**Records supplied:**
************
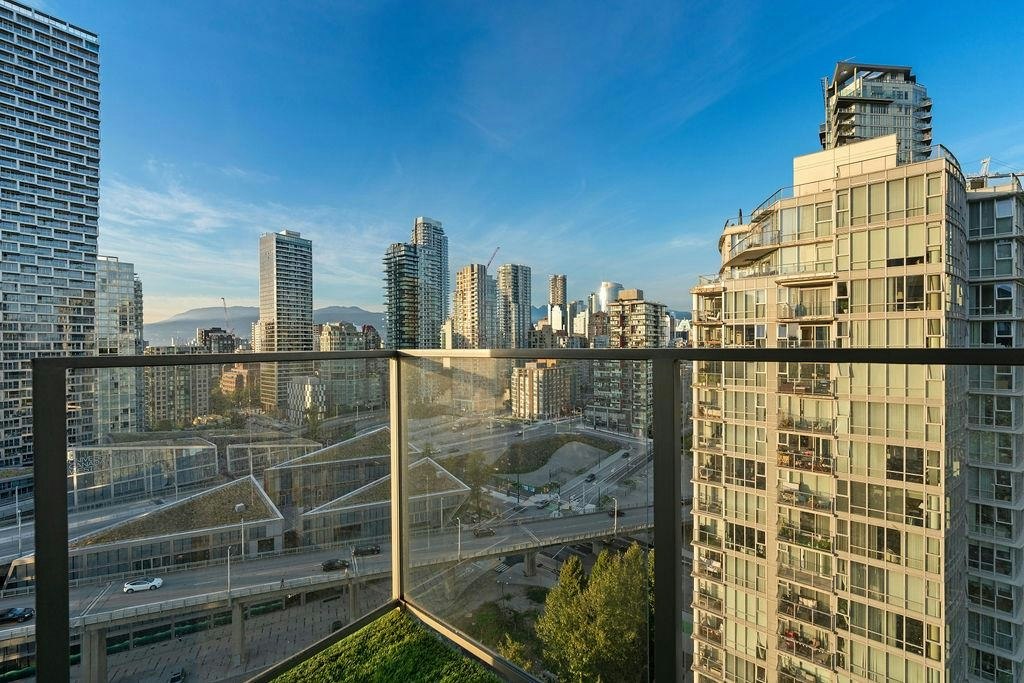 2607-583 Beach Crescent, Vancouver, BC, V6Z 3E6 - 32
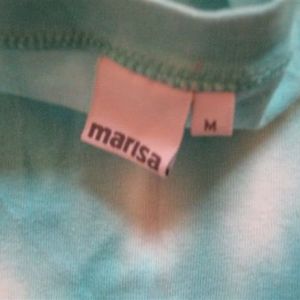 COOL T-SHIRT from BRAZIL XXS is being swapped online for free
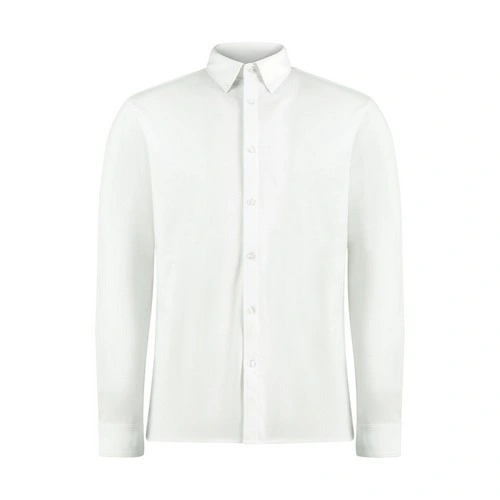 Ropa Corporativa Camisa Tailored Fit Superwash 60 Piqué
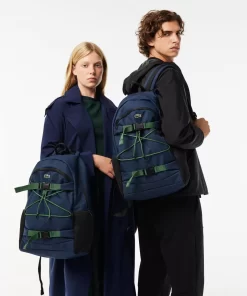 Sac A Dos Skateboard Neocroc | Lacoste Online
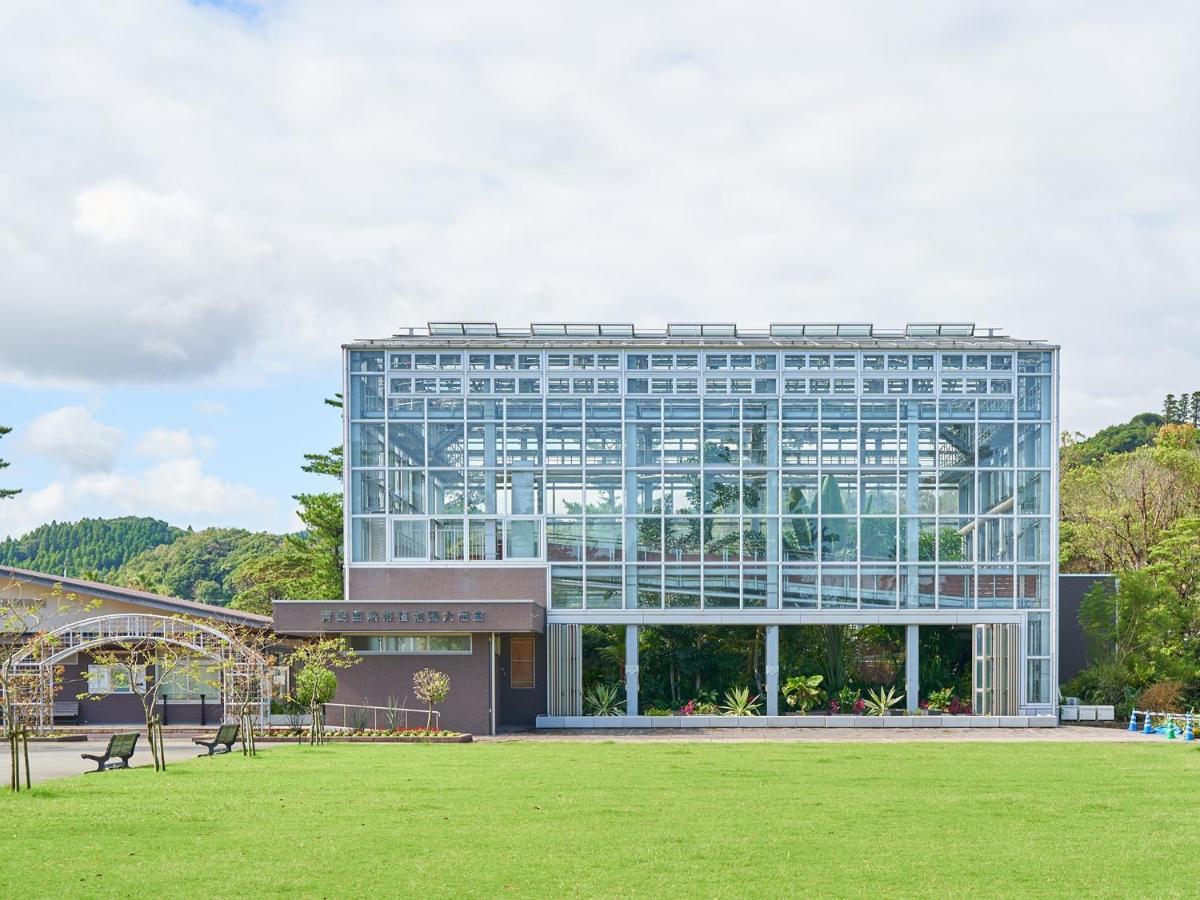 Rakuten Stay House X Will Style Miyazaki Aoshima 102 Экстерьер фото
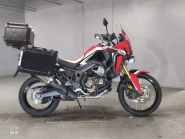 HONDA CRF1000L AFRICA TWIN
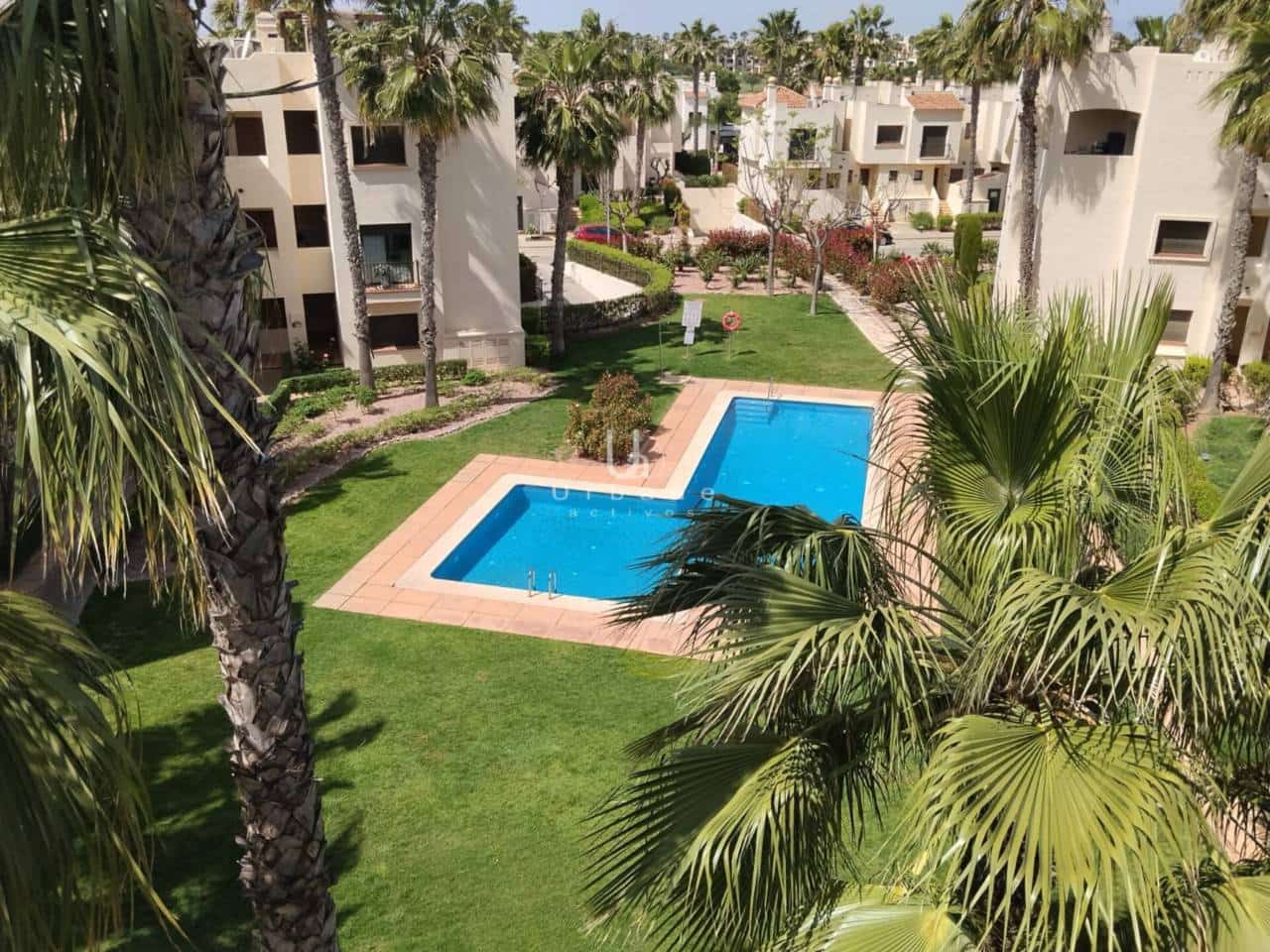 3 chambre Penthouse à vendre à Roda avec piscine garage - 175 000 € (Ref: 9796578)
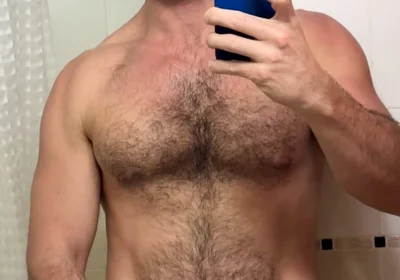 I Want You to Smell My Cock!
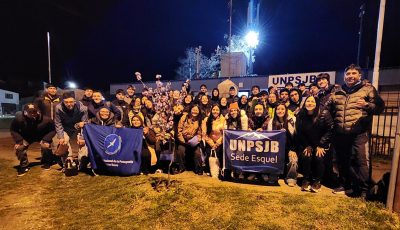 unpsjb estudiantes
************
Exclude the pictures and print the rest of the data exactly.

**Task response:**
 2607-583 Beach Crescent, Vancouver, BC, V6Z 3E6 - 32
 COOL T-SHIRT from BRAZIL XXS is being swapped online for free
 Ropa Corporativa Camisa Tailored Fit Superwash 60 Piqué
 Sac A Dos Skateboard Neocroc | Lacoste Online
 Rakuten Stay House X Will Style Miyazaki Aoshima 102 Экстерьер фото
 HONDA CRF1000L AFRICA TWIN
 3 chambre Penthouse à vendre à Roda avec piscine garage - 175 000 € (Ref: 9796578)
 I Want You to Smell My Cock!
 unpsjb estudiantes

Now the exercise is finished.